Patterson then delves into the foundations of the industrialized factory farms that began with Western expansion. Patterson says “the European settlers brought with them to the Americas their practices of exploiting animals for labor, food, clothing, and transportation.” He says the slaughter of animals in North America arrived with the English. To describe this phenomenon he discusses the famine facing the Jamestown settlers in the winter of 1607-8 where they slaughtered and ate all the animals they brought from England. After the livestock supply was replenished they butchered the surplus at the start of each winter, and soon the settlers of Jamestown were continuing the slaughter and meat preservation process in bulk. The industrialization of slaughter continued with the colony of New Amsterdam, which became New York in 1664; by 1665 the number of butchered animals a year was almost 10,000 and the colony required slaughter permits. As the amount of slaughter increased, the slaughterhouses kept moving “in deference to the public, wanting to be spared the sights, sounds, and smells of slaughter” Patterson notes that the first step toward the division of labor that would transform the American meat industry was evident in Cincinnati by the mid 1800s when larger plants combined their slaughter and meatpacking operations.

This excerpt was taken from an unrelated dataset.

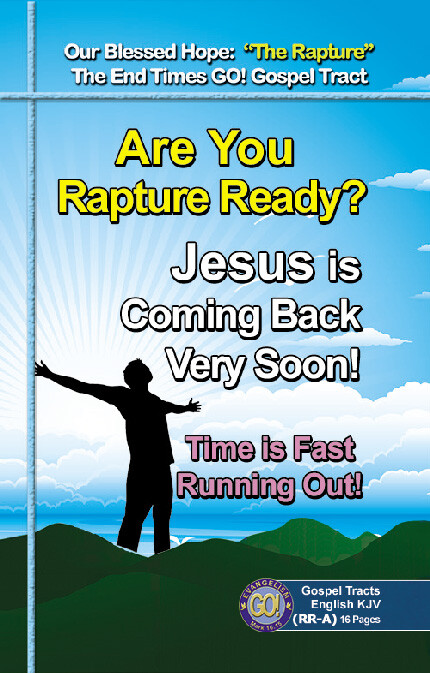 BIBLE, Gospel Tracts: THE RAPTURE, PK of 32 Units, 16 Pages Each.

According to Patterson, by the 1850s the construction of Union Stock Yards turned meatpacking into a major industry and Chicago became the slaughter capital of America The Meatpacking industry also introduced the conveyor belt, increasing the efficiency and speed of the nation's first mass-production industry with the assembly line process In 1905, after the meat industry lobby blocked a bill in Congress that would’ve implemented meat inspection standards, the paper The Appeal To Reason enlisted Upton Sinclair to investigate the Chicago meatpacking industry. Sinclair published fictional novel The Jungle based on what he saw while investigating, which exposed the horrors of the meatpacking industry to the public.

Patterson says that the biggest difference between the slaughter of animals today and in the early 1900s is that slaughterhouses have become faster and increased in volume of production, “[a slaughterhouse] today... kills more animals in a single day than all the slaughterhouses in Sinclair's day killed in a year.” Patterson then discusses political artist, Sue Coe's, book Dead Meat about her six years visiting slaughterhouses around the country. In her book Coe says that the Holocaust kept coming to mind as she visited the slaughterhouses, “she says she wonders if [the Holocaust] is ‘the comforting measuring rod by which all horrors are evaluated?’” Patterson continues his argument of relating the industrialization of the meat industry to the Holocaust by discussing Henry Ford, “whose impact on the twentieth century began, metaphorically speaking, at an American slaughterhouse and ended at Auschwitz.” 

In his autobiography, Ford said that his inspiration for assembly-line production came from visiting a Chicago slaughterhouse. Patterson states that not only did Ford help the Holocaust happen by developing the assembly-line method that the Germans used for killing, but he also launched an anti-Semitic campaign. Hitler praised Ford; he even said “I regard Henry Ford as my inspiration."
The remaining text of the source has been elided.